Before Beat Street and Breakin', street gangs were b-boying to the Sugar Hill Gang. Before that, there was the Rock Steady Crew, doing fly moves to the sounds of Afrika Bambaataa. Earlier still, there was James Brown's "Get on the Good Foot," which sparked a trend of competitive street dancing. The roots of break dancing go deep. Just ask Richard "Speedy Legs" Fernandez, Miami's most famous b-boy. Break dancing took Speedy Legs far, from practicing on the concrete in front of Hialeah-Miami Lakes Senior High School all the way to Broadway and to live performances alongside hip-hop heroes like Kool Herc, the Wu-Tang Clan, and Run-D.M.C.
Now retired, Speedy Legs has made it his mission to make sure authentic break dancing never dies. "The dance is still very much alive; they've got competitions all over the place," he asserts. "But it's a watered-down, commercial version of break dancing. What we call the b-boy, the whole essence, is hardly shown. People concentrate on the acrobatics more than anything else," he explains. Tonight b-boys and girls can win prizes, trophies, and big bragging rights at a free all-ages break dance competition.
The throwdown aims to teach the neighborhood youth there's more to hip-hop than gold teeth and a gangsta attitude, and there's more to break dancing than doing a bunch of backflips. "We want to teach people the foundations of the dance. People think break dancing is just spinning on your head and stuff. That's gymnastics. They're not dancing to the music. They don't know that there's up-rock and top-rock, footwork and freezes, and power moves," explains Jonathan Fields, better known as DJ Trails. Together with Speedy Legs, DJ Trails will MC this event. The two men are members of Hip-Hop Elements, a grassroots group whose mission is to pay respect to the origins of urban culture. Dancers shouldn't come expecting to hear the latest hits by 50 Cent, Mike Jones, and the Ying Yang Twins. "We're going to be playing a lot of the original music that people used to dance to in the Seventies and early Eighties. We're going to play the old James Brown records, the Rare Earth records," DJ Trails says.

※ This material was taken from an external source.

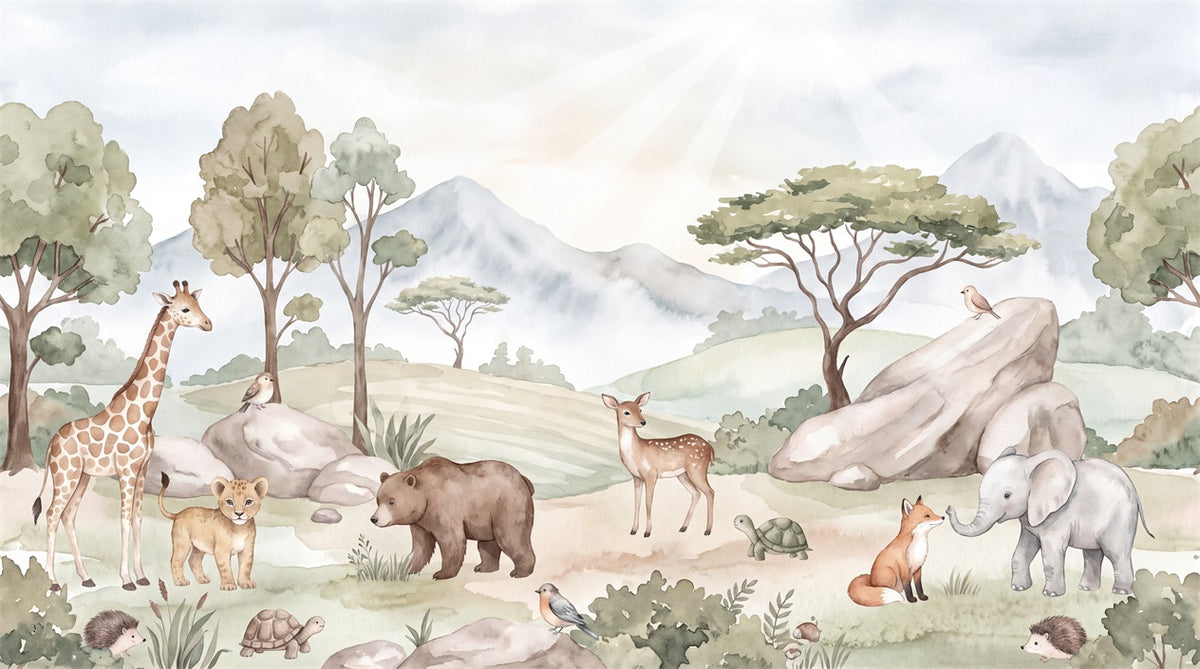 sage animals wallpaper mural custom self adhesive wall removable non woven vinyl main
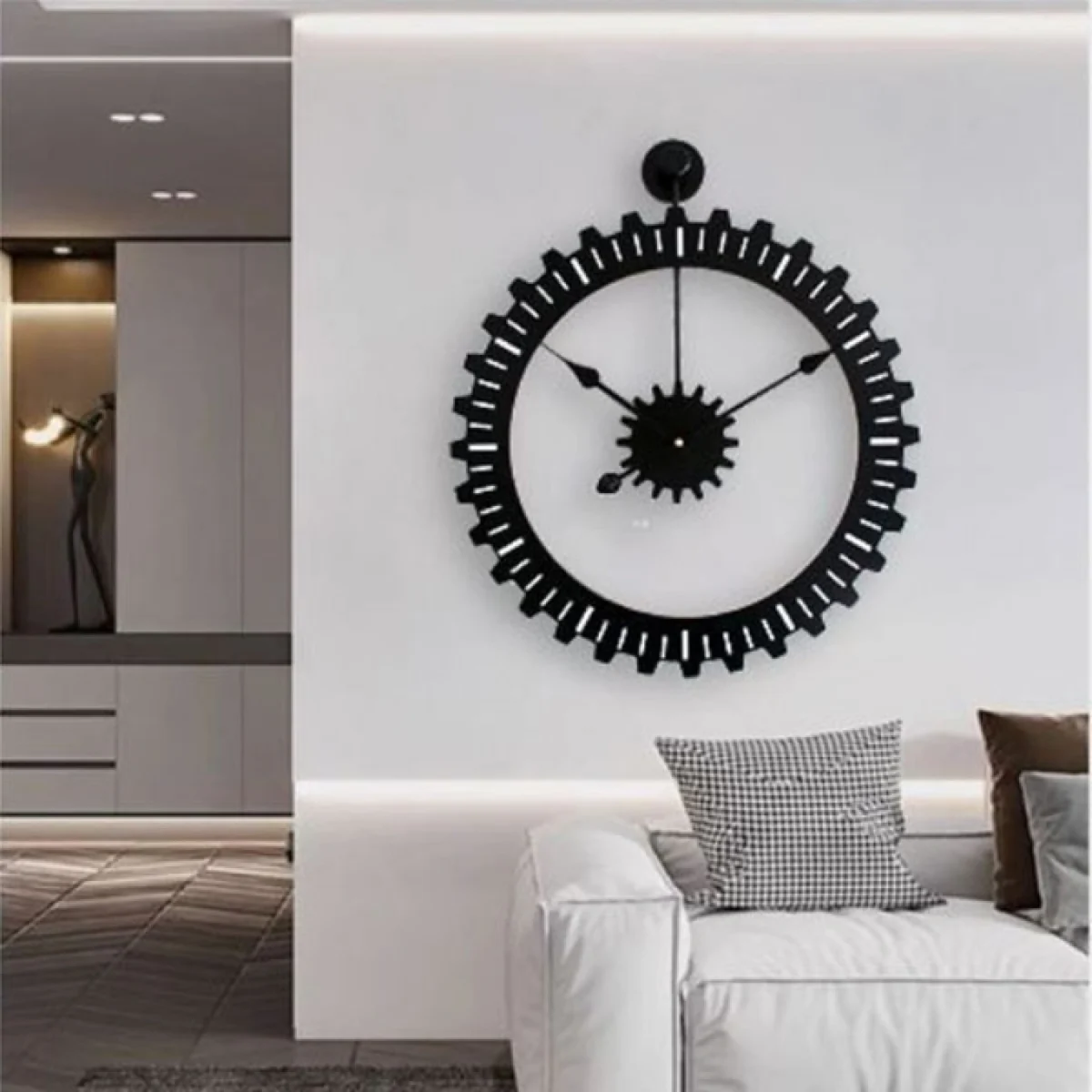 Μαύρο Ασύμμετρο Υψηλής Ποιότητας Pολόι Tοίχου Γρανάζι 50x59 cm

A real b-boy isn't afraid to incorporate new elements into his break dancing. "I even took ballet for a little bit," Speedy Legs says. "Don't get me wrong. I try to incorporate whatever's useful." Besides all the breaking, new schoolers can learn from the hip-hop history display and workshop presented by James Peterson, media coordinator for the Harvard University hip-hop archive. Chris Norwood, chair of the Miami Lakes Youth Activities Task Force, is particularly excited about the education offered by the competition and the exhibit. "This is not a P. Diddy, shiny-suit event," says Norwood. "A lot of kids have never even seen real break dancing before. It's becoming like an artifact. And we're at fault if the young people don't know. We're at fault if the culture doesn't evolve."